2019 Writivism & Koffi Addo Prizes: Conversations With Shortlisted Writers

2019 Writivism & koffi addo Prizes

Conversations With Shortlisted Writers

I have spent the last couple of days holding intense and beautiful conversations with the three writers who have been shortlisted for the 2019 Koffi Addo Prize for Creative Nonfiction Award. It is here that I have come to realize that Creative Nonfiction has the power to heal us; the ones write it and the ones who read it.    
 
My first dialogue was with  Eugene Yakubu on  How To Wear Your Body, his story of  a daughter who watches her mother succumb to a dreadful disease. My second one was with Frances Ogamba on The Valley of Memories, a story that explores her experiences with carrying a soul of her father’s brother who died four decades ago.  And my last one was with Kanyinsola Olarunnisola on The Comedian: a moving story about how untimely death can be and  how it sneaks up on us like a thief in the night.
 
These stories, though somber, are necessary and remind us that we must create as many wonderful memories with the ones we love, for tomorrow might never come. I feel blessed to have had an opportunity to discuss these amazing work with the shortlisted writers and I wish them all the best.
 
~ Tshepo Phokoje, Creative Non-fiction Interviewer.
 
The future of African writing is an exciting and inspiring one. I have arrived to this conclusion after my conversations with the Writivism’s three shortlisted fiction writers.  
 
In my dialogue with Vuyelwa Maluleke, we explored Tale, her story that explores how motherhood looks when it’s not filled with love and adoration. It is a poetic story that leaves the reader with awe for its brilliance and sadness as its focus is on a Christian mother who does an exorcism on her daughter. 
 

Resoketswe  Manenzhe tells me her writing is inspired by the stories in the village. In her short stories, we meet Maserumo, a powerful voice that carries us through the story,  who tells us a mystery of several deaths, most unexplained, but starting with the death of a newborn, Little Samantha. It is a build up of a rumor that quickly turns into a beer-infused hysteria over sudden deaths. 

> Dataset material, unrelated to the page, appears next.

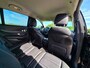 Mercedes-Benz E-klasse Estate 400 4MATIC Prestige AMG-Pakket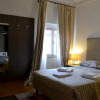 Отель Gabrielli Rooms et Apartments Sant Antonio alloggio 4 M0230914084, фото 6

And lastly, I explore Ghana Boy  with Frances, a story about a neighborhood criminal, who started with petty theft until one day he is picked up by the police. His story is a tale of familial love and ignorance of his misdoings. But mostly it is a heartbreaking tale of police brutality in Nigeria. 

These three women are rightly placed on this shortlist and I look forward to read more works from them.

~ Kearoma Mosata, Fiction Interviewer

Join us from 6 August 2019 as Africa in Dialogue publishes individual conversations with all the Writivism shortlisted writers.

Meet the Curators

Tshepo Phokoje is a writer from Palapye, Botswana. She writes both Fictional and Creative non-fictional short stories as well as Poetry. Her first fictional short story was published as part of 36 Kisses; an Anthology of Short stories & Poems by Botswana Society of Human Development, which was aimed at promoting commercial tourism. Her poem Battered, Bruised & Abused, is part of Silent No More, a PDF anthology about Gender Based Violence. Her poem “FEAR” has been featured in the May 2018 edition of Writers Space Africa, an international online magazine. In her spare time, she edits her fellow writers’ works. She is an overall lover of Arts and hopes to start her own blog, which will focus on Mental Health, Gender Based Violence, Loss, Motherhood, the ripple effects of unemployment and/or liquidation of mines and Survival stories

Kearoma Mido Mosata is a Motswana writer and blogger. She was shortlisted for the inaugural BSHD Tourism Fiction Award in 2016. Her work appears in print in 36 Kisses and Other Short Stories & Poems and as part of It’s The Devil You Know- Collection of Works on Gender Based Violence. More of her works are online on Brittle Paper, Kalahari Review and Arts & Africa. Kearoma writes about a lot of things but lately, her writing has been inspired by the idea of displacement, the self and home. Her first Non-fictional short story “This Is How We Grieve” is part of the recently published 3rd Journal of The Single Story Foundation.